The victims, euphemistically known as ‘Comfort Women,’ have built an international network and are supported by the United Nation’s Human Rights Commission, Amnesty International, Coalition Against Trafficking in Women-International and more. The demands of the international community and the victims are the following:
- Full acknowledgement of the military sexual slavery implemented by the Imperial Armed Forces of Japan between 1932 to 1945
- Thorough and complete investigation to fully chronicle the scope of the crime
- Formal apology from the National Assembly (Diet) of Japan
- Legal and full reparations to all victims
- Prosecution of the criminals responsible for the crime
- Full and ongoing education through proper recording and acknowledgement in textbooks and history books in Japan
- Building of memorials and museums to commemorate the victims and preserve the history of sexual slavery by the Japanese Military
There have been a few apologies offered by the Government of Japan, including the Kono Statement in 1993, a landmark apology made by Yohei Kono, then Chief Cabinet Secretary. However, several Japanese right-wing leaders, led by the current Prime Minister Shinzo Abe, are trying to deny and evade Japanese government’s responsibility for its wartime military sexual slavery. Before starting his second term as Prime Minister, Shinzo Abe was listed as one of the “assentors” in an advertisement in a U.S. newspaper denying that Japan’s military coerced young girls and women into sexual slavery. This directly contradicts both the Kono Statement and the Murayama Statement which acknowledged the Japanese Government’s culpability.
Abe’s repeated actions of sending offerings to the Yasukuni Shrine where the spirits of 14 ‘Class A’ war criminals are revered as gods, is causing much friction with Japan’s neighboring countries. In the wake of the Asahi Shimbun’s retraction of the articles containing one soldier’s testimony, Abe’s Chief Cabinet Secretary Suga demanded the deletion or revision of the UN “Report of the Special Rapporteur on Violence Against Women, Its causes and Consequences” written by Ms. Radhika Cooomaraswamy in accordance with the Commission on Human Rights Resolution 1994/45. The recent request by the Japanese Government to the McGraw-Hill Publishing Company in the U.S. to change passages contained in its history textbook about ‘Comfort Women’ was another blatant attempt to whitewash and rewrite Japan’s past war crimes. The publisher rightfully rejected the request saying, “Scholars are aligned behind historical fact of ‘Comfort Women,’ and we unequivocally stand behind the writing, research and presentation of our authors.”
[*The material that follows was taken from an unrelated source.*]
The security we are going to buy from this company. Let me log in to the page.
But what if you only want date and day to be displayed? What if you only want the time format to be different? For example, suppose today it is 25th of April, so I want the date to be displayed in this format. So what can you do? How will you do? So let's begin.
The sincerity of an apology can be gauged only by the actions following the words. In Germany, it is not only a policy to teach children about the atrocities committed against the Jewish people during the Holocaust, but it is also unconstitutional to deny the Holocaust, and denying it is punishable by law. Seventy years after the end of WWII, Germans are still searching for and prosecuting war criminals who cooperated with the Nazis during WWII. Unless Japan brings those responsible for its war crimes of institutionalized sexual slavery to justice, condemn the 14 ‘Class A’ war criminals, and punish those who deny the coercive nature of the recruitment and involvement of its Government, it is not possible to believe that Japan is sincere in its apology.
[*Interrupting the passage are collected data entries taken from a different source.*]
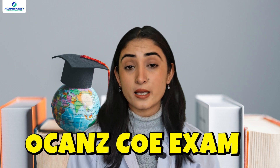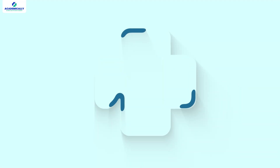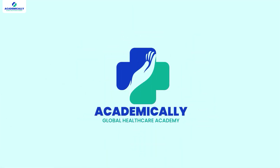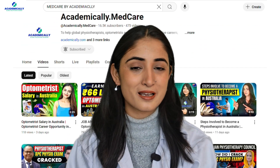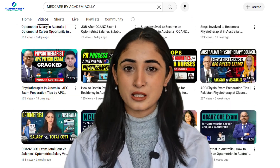The first step in preparing for the OCAN COE exam is getting the right resources. And if you are facing challenges in this very step, we are here to help you. Hello everyone, welcome to Medcare by Academically.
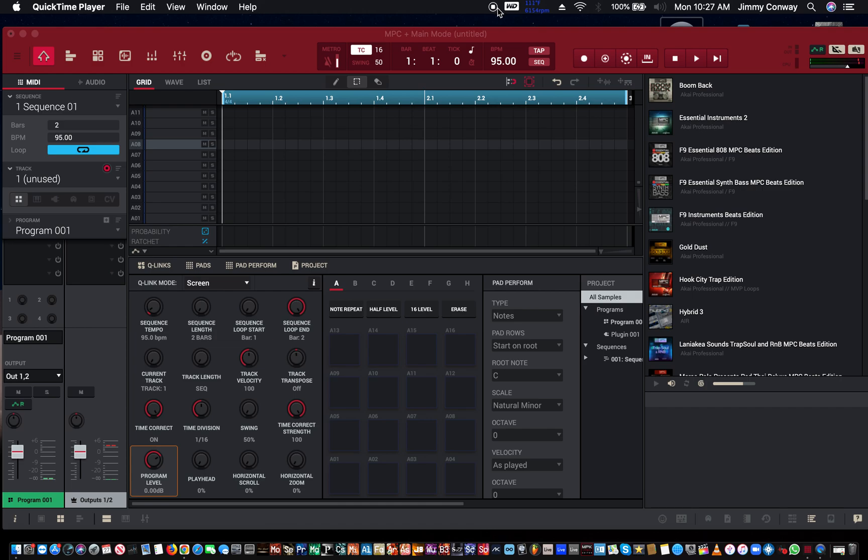What's good fam, this is your man Jimmy Conway, Beats for Lyricists.com music production tips. In this video we're going to talk about one of the new features in the new MPC 2.11 update - the ratchet feature. We're going to talk about the ratchet feature today. I'm going to do a little display on it real quick just to show you what it can do.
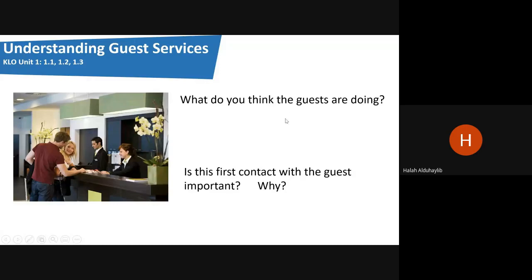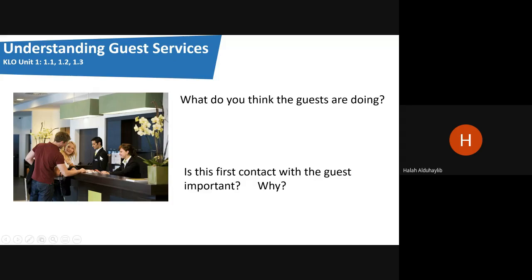As a beginning, what do you think the guests are doing in the pictures? There is a picture showing a desk with two staff sitting behind it and two people sitting in front. What are they doing? Yes — they are trying to book a room in the hotel. Is this first contact with the guest important? Is the picture reflecting a happy or unhappy guest?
In order to atone for this unconscionable crime committed against the victims, the least the Japanese Government can do is to issue an unequivocal apology from its highest level, and provide reparations for the victims and their bereaved families. The amount should be such that any reasonable person would deem appropriate had his own daughter been forced into sexual slavery.
Waiting it out for all the remaining victims pass away will not exonerate Japan from its responsibilities. Japan must take steps to implement the above 7 demands now.